To do:
The records below are to be copied exactly, with their pictures left out.

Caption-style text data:
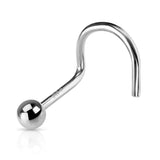 14K Solid Gold 2mm Ball Top Nose Screw Ring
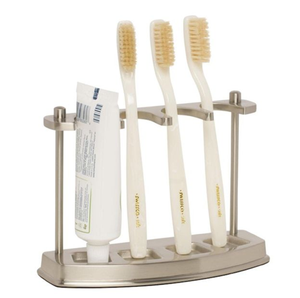 Support métallique argenté durable, style minimaliste personnalisé, organise de manière sécurisée trois brosses à dents, disposition verticale disponible - Product Image 2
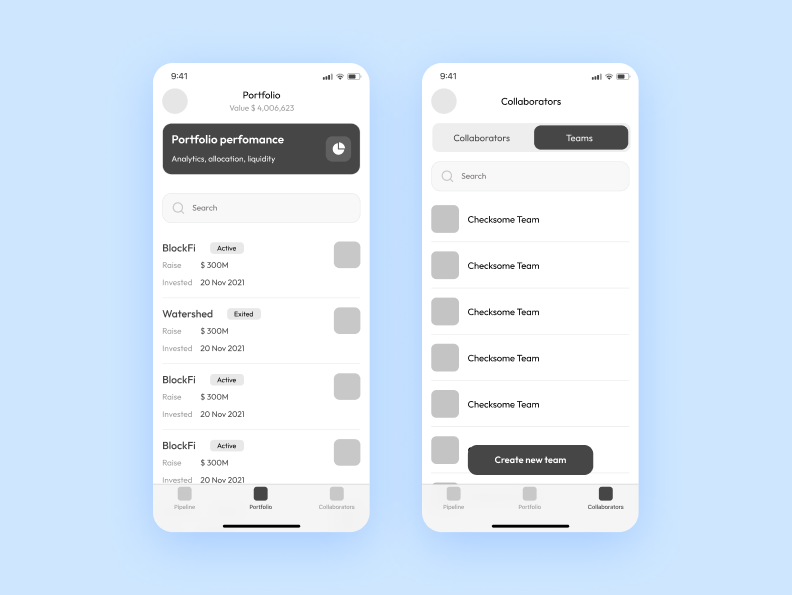 Example of wireframes for a fintech app
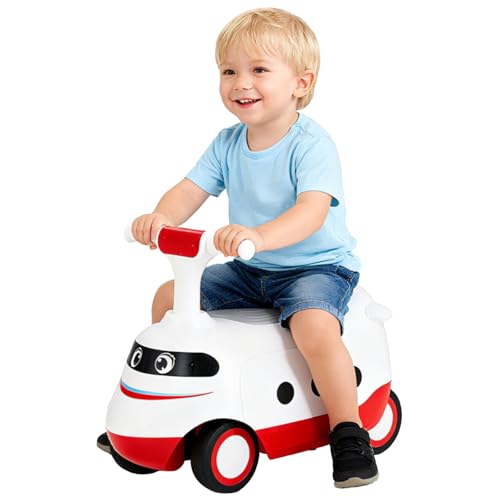 COSTWAY Correpasillos Bebé, Coche Correpasillos con Manillar, Asa de Empujar, Bocina y Almacenamiento Oculto Bajo el Asiento, Andador de Tipo de Tren para Niños de 19-36 Meses (Blanco)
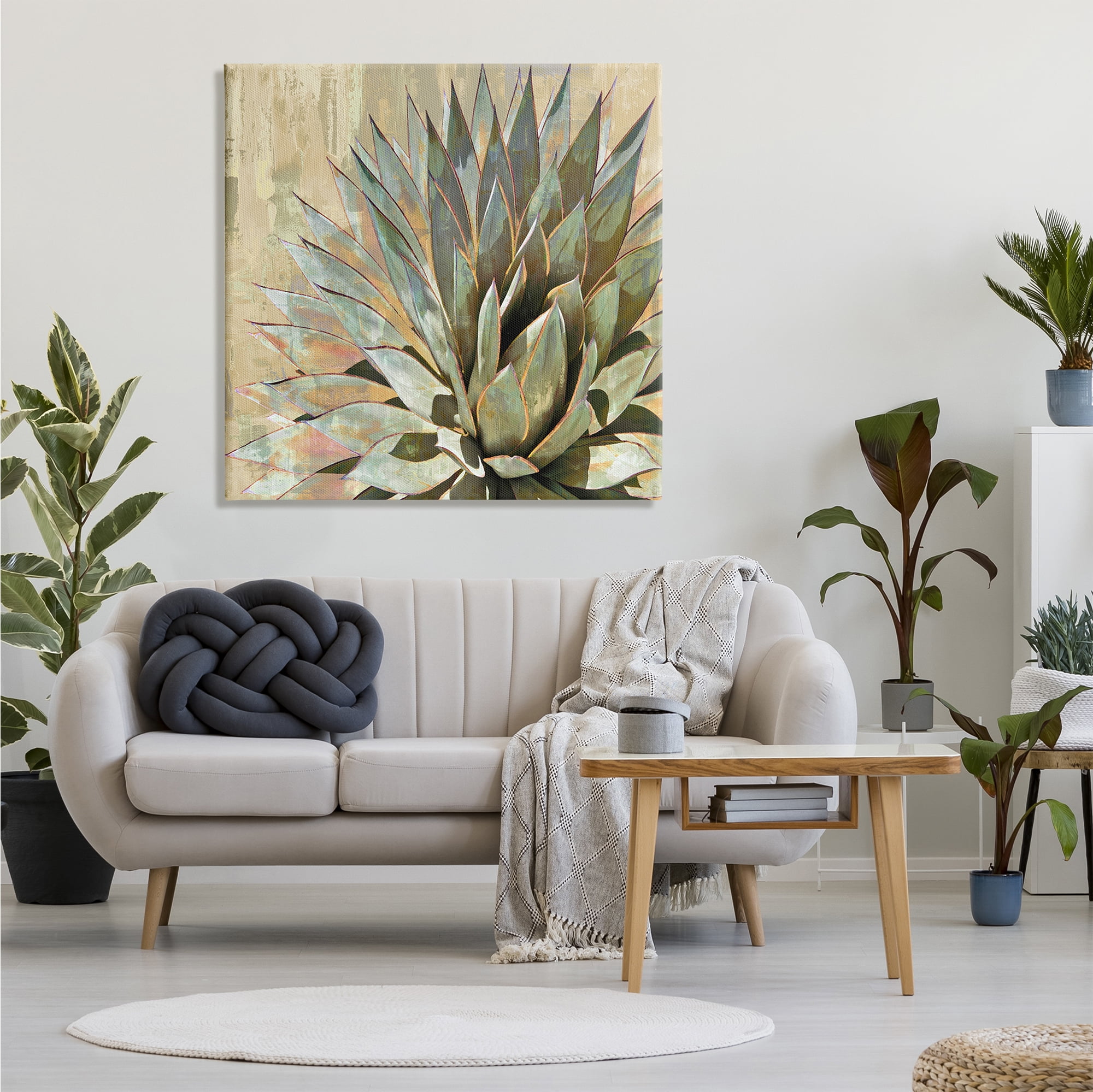 Stupell Industries Green Painted Botanical Succulent Agave Leaves Botanical & Floral Painting Gallery Wrapped Canvas Art Print Wall Art, 36 x 36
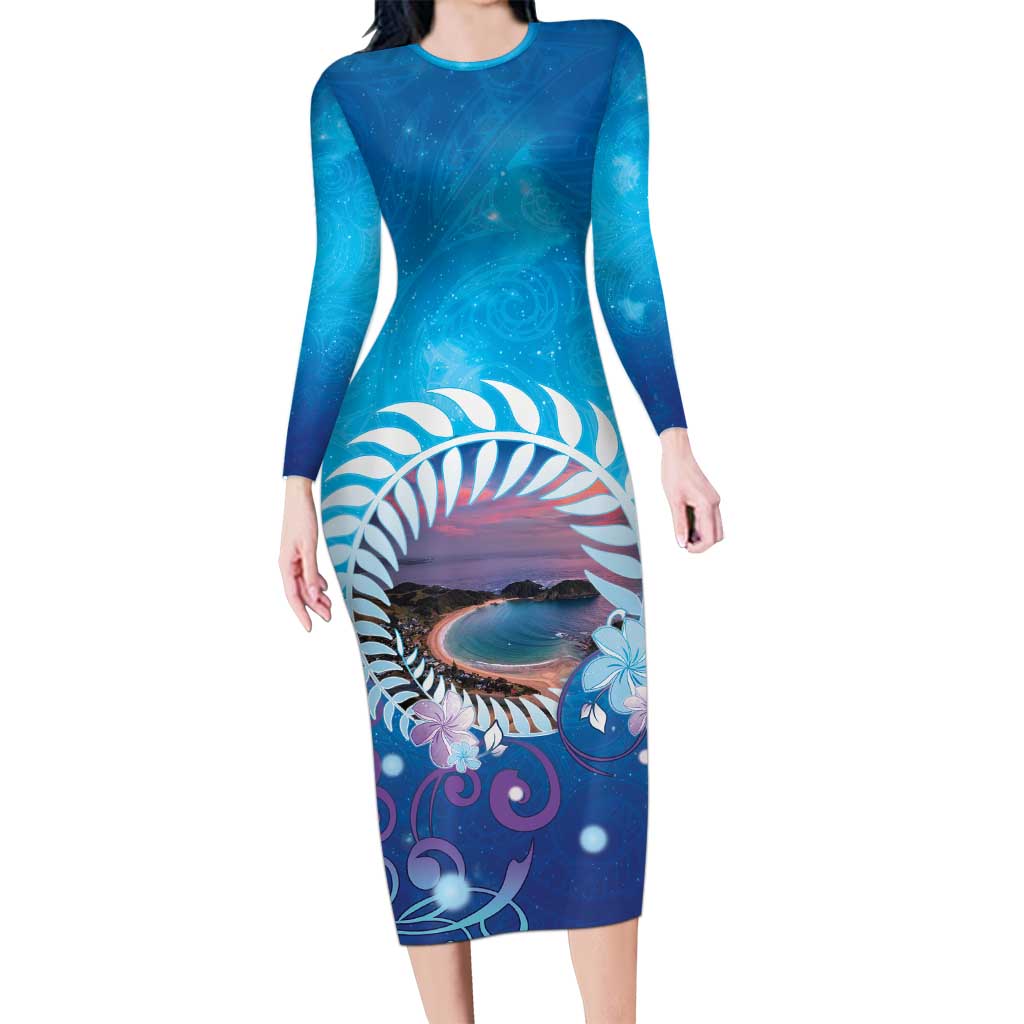 New Zealand Matapouri Beach Landscape Long Sleeve Bodycon Dress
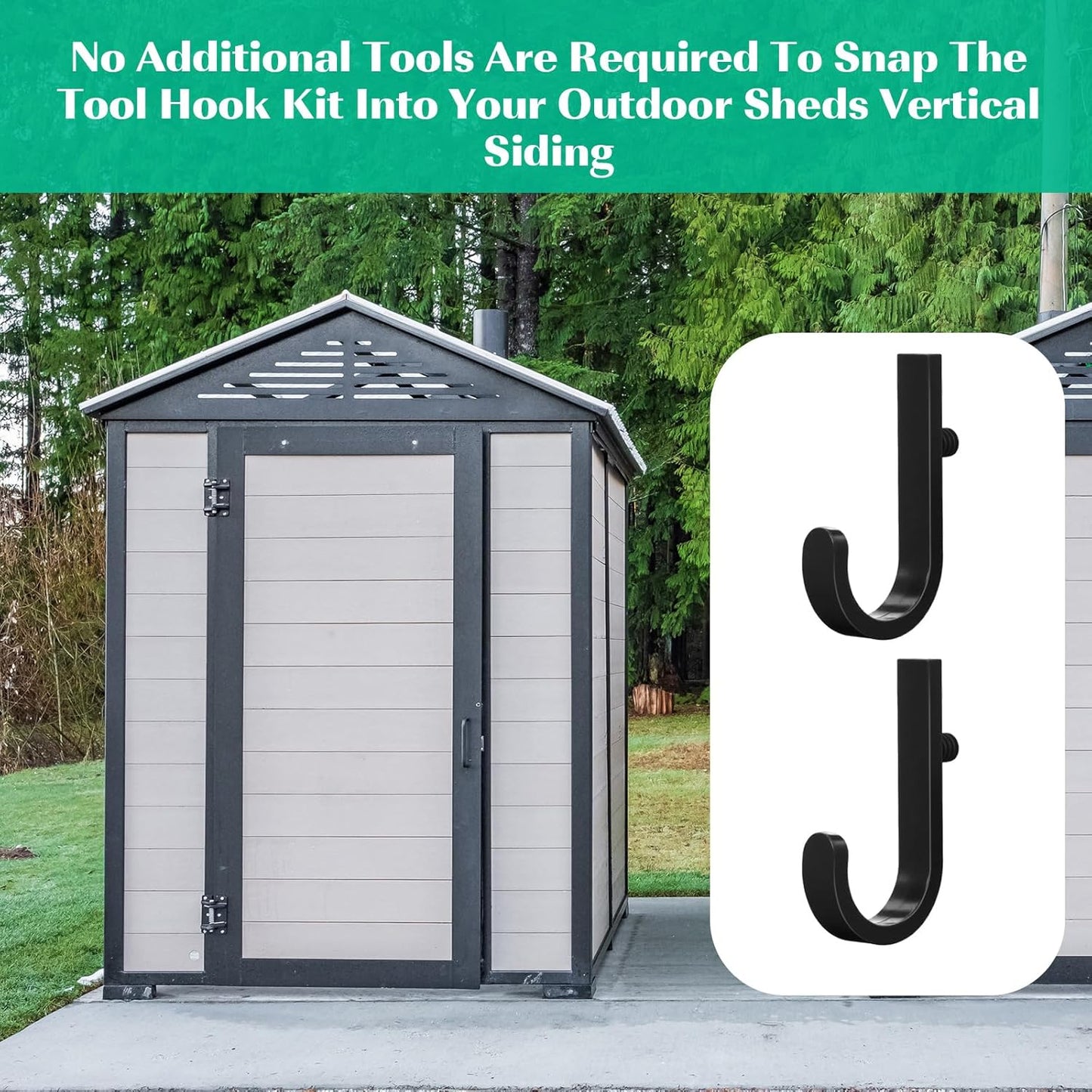 8 Pcs Shed Storage Tool Hooks Accessories Compatible with Suncast, Compatible with Craftsman for Hanging Shelves Accessories Part, Storage Sheds Replacement Screws, Brackets and Hooks(J Shaped)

The answer:
 14K Solid Gold 2mm Ball Top Nose Screw Ring
 Support métallique argenté durable, style minimaliste personnalisé, organise de manière sécurisée trois brosses à dents, disposition verticale disponible - Product Image 2
 Example of wireframes for a fintech app
 COSTWAY Correpasillos Bebé, Coche Correpasillos con Manillar, Asa de Empujar, Bocina y Almacenamiento Oculto Bajo el Asiento, Andador de Tipo de Tren para Niños de 19-36 Meses (Blanco)
 Stupell Industries Green Painted Botanical Succulent Agave Leaves Botanical & Floral Painting Gallery Wrapped Canvas Art Print Wall Art, 36 x 36
 New Zealand Matapouri Beach Landscape Long Sleeve Bodycon Dress
 8 Pcs Shed Storage Tool Hooks Accessories Compatible with Suncast, Compatible with Craftsman for Hanging Shelves Accessories Part, Storage Sheds Replacement Screws, Brackets and Hooks(J Shaped)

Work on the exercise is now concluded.